Your goal
All of the data below should come back exactly as written, minus its images.

Material provided
.....
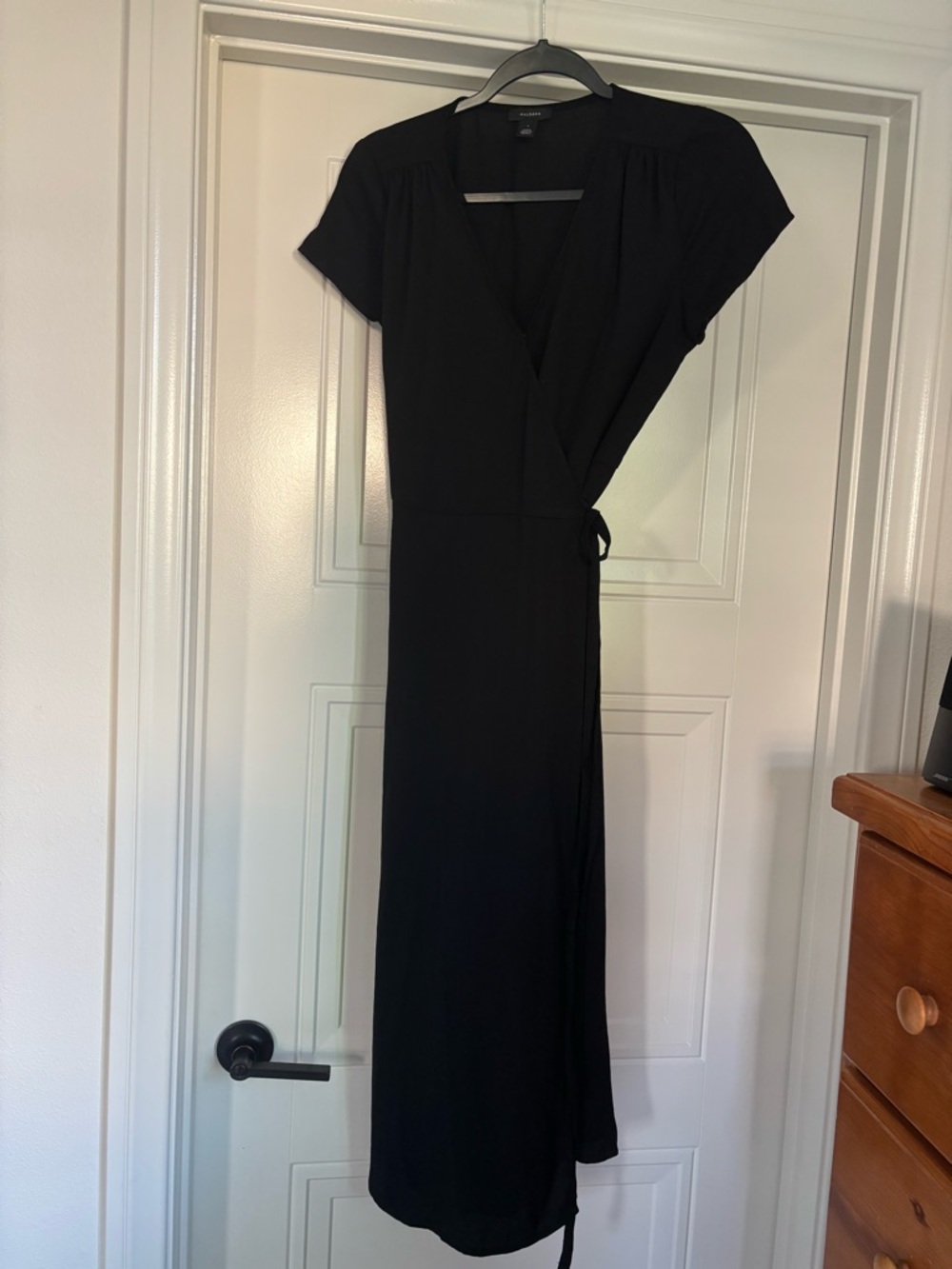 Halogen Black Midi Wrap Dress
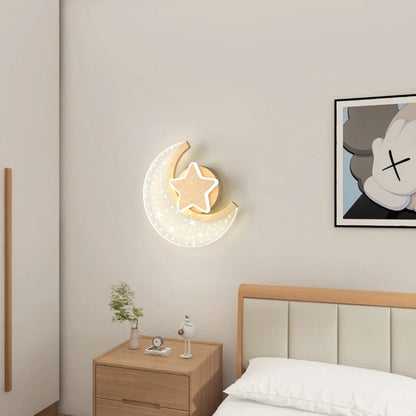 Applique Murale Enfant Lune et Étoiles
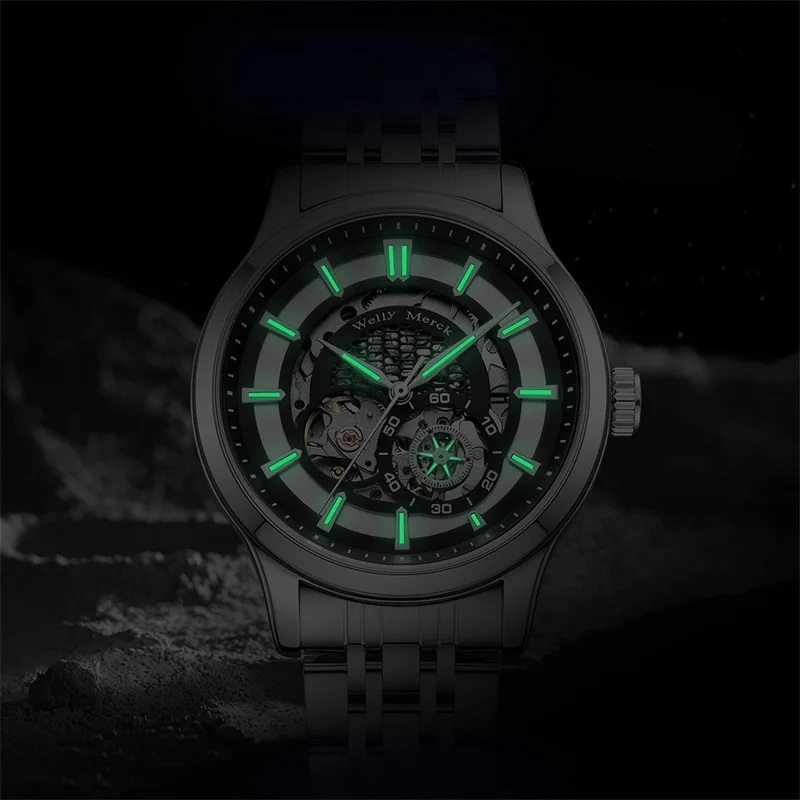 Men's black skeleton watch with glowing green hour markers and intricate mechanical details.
.....
Result of the exercise
 Halogen Black Midi Wrap Dress
 Applique Murale Enfant Lune et Étoiles
 Men's black skeleton watch with glowing green hour markers and intricate mechanical details.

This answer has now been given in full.